Remembrance of places distant
December 4th, 2002
Kristan wanted to hike the Taylor Valley. They wouldn't let her do it unless someone who'd already done it once went with her.
Strange as it seems, that someone was me. And strange as it was to me, I remembered the way. When we came to blind corners, I remembered the decisions I made last year. I knew where it was going to be level, and where steep. The frozen puddles. The mummified seals.
Trudging through the alien landscape, I was the guide.
How is it I know my way though this place? This pernicious nothingness. This life. This ice.
The hike from Lake Bonney to Lake Hoare is about 12 miles. Hikers pass three glaciers. The final mile is over a blue-ice lake, so you need stabilicers to keep from slipping and bruising yourself.
We took four and a half hours. We really cruised.

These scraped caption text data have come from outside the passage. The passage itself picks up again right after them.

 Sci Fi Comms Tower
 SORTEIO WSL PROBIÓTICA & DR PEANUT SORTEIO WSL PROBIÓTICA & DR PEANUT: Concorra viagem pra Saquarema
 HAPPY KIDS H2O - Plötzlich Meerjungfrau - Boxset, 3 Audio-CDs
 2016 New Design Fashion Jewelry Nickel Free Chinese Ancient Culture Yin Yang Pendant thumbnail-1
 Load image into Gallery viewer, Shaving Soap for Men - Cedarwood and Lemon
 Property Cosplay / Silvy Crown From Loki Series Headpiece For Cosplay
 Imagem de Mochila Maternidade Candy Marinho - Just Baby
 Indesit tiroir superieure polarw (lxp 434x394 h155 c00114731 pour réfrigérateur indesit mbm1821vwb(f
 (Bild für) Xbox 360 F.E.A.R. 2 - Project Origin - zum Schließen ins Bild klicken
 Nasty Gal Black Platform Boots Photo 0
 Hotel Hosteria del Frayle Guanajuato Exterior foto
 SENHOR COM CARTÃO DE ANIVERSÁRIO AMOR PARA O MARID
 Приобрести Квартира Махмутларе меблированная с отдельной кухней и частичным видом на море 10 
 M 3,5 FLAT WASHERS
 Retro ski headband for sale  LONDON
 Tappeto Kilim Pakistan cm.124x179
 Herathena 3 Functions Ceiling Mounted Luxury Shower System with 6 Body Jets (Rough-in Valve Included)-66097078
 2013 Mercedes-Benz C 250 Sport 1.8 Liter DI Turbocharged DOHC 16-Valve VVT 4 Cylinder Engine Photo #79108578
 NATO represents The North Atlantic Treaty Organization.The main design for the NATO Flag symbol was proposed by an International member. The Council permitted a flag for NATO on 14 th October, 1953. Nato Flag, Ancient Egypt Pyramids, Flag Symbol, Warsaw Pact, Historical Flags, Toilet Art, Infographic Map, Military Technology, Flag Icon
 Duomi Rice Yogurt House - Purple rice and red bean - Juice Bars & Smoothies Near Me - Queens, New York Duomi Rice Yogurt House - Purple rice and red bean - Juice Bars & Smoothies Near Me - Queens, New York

"Stan" took a lot of pictures. She's doing a series on the dry valleys for her newspaper back home. Even with stopping for five minutes every so many hundred yards, we still got to Lake Hoare fast. That meant climbing a number of moraines. Fording frozen glacier moats. Climbing rocks. Slogging up hundred-foot high sand dunes that feel temperatures as cold as dry ice in the winter. Winds as strong as Hurricane Andrew.
We took a break next to a mummified seal, now dead some couple thousand years, its body preserved by the arid cold air.
I munched a Cadbury Energy bar. Stan ate the leftover Antarctic Cod from our Thanksgiving dinner.
"We're pretty lucky," one of us said. It doesn't matter which.
The other said something as profound as, "Yeah," and that was it. The number of people who have walked that path are well recorded, starting 99 or so years ago with Scott's men during the voyage of the Discovery. Unlike most places, the ever-omniscient "they" know everyone who's walked between the lakes.
It is that fact we considered when we pondered our fortune. The Seuss glacer before us. The Ferrar to our back. The warm katabatic winds swirling around us.
An hour later we passed through the defile, a thin passageway between the Seuss and a mountain wide enough for humans to pass. After many pictures we made it to Lake Chad, so named because the first explorers, upon sampling the water, discovered through intestinal distress the lake contained a natural magnesium laxative, and so named it after the toilet tissue they'd brought.
Without sampling the water we donned our ice spikes, called stabilicers. These are like the flip-flop-style sandels one wears at the beach with flathead screws turned into the bottom. You strap them to your hiking boots with velcro flaps, and then you walk on the screwheads which give you traction on the glare ice.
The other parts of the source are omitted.